Moshe Katsav (; born 5 December 1945) is an Israeli former politician who was the eighth President of Israel from 2000 to 2007. He was also a leading Likud member of the Israeli Knesset and a minister in its cabinet. He was the second Mizrahi Jew to be elected to presidency, after Yitzhak Navon.

The end of his presidency was marked by controversy, stemming from allegations of rape of one female subordinate and sexual harassment of others. Katsav resigned the presidency in 2007 as part of a plea bargain. Katsav later rejected the deal with prosecutors and vowed he would prove his innocence in court. In an unprecedented case, on 30 December 2010, Katsav was convicted of two counts of rape, obstruction of justice, and other charges. On 22 March 2011, in a landmark ruling, Katsav was sentenced to seven years in prison. Katsav appealed his conviction to the Supreme Court of Israel. On 10 November 2011, the Supreme Court affirmed Katsav's conviction and punishment.

On 7 December 2011, Katsav arrived at Maasiyahu Prison in Ramla to begin serving his seven-year sentence. He was released from prison, under restrictive conditions, on 21 December 2016, having served five years of his sentence.

Early life
Katsav was born Musa Qassab () in Yazd, Iran, to Persian Jewish parents, Shmuel and Gohar Qassab. His family moved to Tehran when he was a baby, and they emigrated to Israel in 1951. They lived in a tent camp for recent immigrants for several years before the area was developed into the city of Kiryat Malakhi.

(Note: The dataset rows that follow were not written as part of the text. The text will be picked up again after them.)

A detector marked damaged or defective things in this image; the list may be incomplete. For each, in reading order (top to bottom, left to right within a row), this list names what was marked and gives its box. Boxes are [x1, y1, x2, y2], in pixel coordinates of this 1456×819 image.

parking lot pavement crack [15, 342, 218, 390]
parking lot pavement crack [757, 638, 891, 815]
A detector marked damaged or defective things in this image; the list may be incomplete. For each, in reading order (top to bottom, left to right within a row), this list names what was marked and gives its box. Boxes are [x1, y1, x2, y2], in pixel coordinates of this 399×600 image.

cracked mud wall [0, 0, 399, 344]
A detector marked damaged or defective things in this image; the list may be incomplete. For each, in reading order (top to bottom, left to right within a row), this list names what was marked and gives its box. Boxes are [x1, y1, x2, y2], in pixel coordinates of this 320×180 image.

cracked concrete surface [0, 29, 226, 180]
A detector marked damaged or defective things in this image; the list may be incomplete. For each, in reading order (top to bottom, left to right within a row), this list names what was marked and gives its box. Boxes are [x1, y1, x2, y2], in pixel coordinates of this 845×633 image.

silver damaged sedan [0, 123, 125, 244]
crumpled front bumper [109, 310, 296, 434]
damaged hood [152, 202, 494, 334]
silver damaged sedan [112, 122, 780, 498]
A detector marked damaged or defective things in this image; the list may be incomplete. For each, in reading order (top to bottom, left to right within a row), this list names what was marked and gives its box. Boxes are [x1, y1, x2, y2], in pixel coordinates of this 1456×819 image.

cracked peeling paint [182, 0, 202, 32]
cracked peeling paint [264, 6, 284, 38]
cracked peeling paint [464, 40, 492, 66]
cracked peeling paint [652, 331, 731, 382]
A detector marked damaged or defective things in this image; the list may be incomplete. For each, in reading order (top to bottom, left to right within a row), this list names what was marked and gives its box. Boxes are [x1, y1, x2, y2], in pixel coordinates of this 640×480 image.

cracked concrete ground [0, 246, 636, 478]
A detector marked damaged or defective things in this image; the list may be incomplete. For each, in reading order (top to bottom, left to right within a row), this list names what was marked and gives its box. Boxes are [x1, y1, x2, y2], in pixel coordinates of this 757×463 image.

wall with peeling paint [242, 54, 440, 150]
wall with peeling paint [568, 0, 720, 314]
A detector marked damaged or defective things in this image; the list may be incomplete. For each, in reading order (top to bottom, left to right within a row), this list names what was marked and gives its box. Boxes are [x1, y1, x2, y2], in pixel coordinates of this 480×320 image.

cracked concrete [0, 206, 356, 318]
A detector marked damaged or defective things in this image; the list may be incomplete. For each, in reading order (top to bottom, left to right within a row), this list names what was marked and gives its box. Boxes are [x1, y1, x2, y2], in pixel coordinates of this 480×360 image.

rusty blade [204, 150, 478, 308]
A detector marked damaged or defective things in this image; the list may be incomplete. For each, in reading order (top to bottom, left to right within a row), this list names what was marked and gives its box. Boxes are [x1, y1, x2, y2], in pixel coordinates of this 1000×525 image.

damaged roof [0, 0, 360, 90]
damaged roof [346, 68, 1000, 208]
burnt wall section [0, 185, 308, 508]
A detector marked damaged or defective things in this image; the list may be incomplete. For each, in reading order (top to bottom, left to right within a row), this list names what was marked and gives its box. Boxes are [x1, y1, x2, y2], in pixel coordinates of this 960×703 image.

After finishing high school, Katsav was drafted into the Israel Defense Forces in 1964, serving in the C4I Corps. He then studied at the Hebrew University of Jerusalem and graduated with a Bachelor of Arts in economics and history in 1971. He married Gila Katsav in 1969. They have five children and two grandchildren.

Political career

Katsav joined the Likud Party, and was elected mayor of his home town of Kiryat Malakhi in 1969. He was elected to the Knesset in 1977.

Cabinet minister
Katsav was deputy Minister of Construction and Housing  from 1981 to 1983 and Minister of Labor and Welfare from 1984 to 1988. He was Transportation Minister from 1988 to 1992 and Deputy Prime Minister and Minister of Tourism from 1996 to 1999.

Katsav was an unsuccessful candidate in the 1993 Likud leadership election.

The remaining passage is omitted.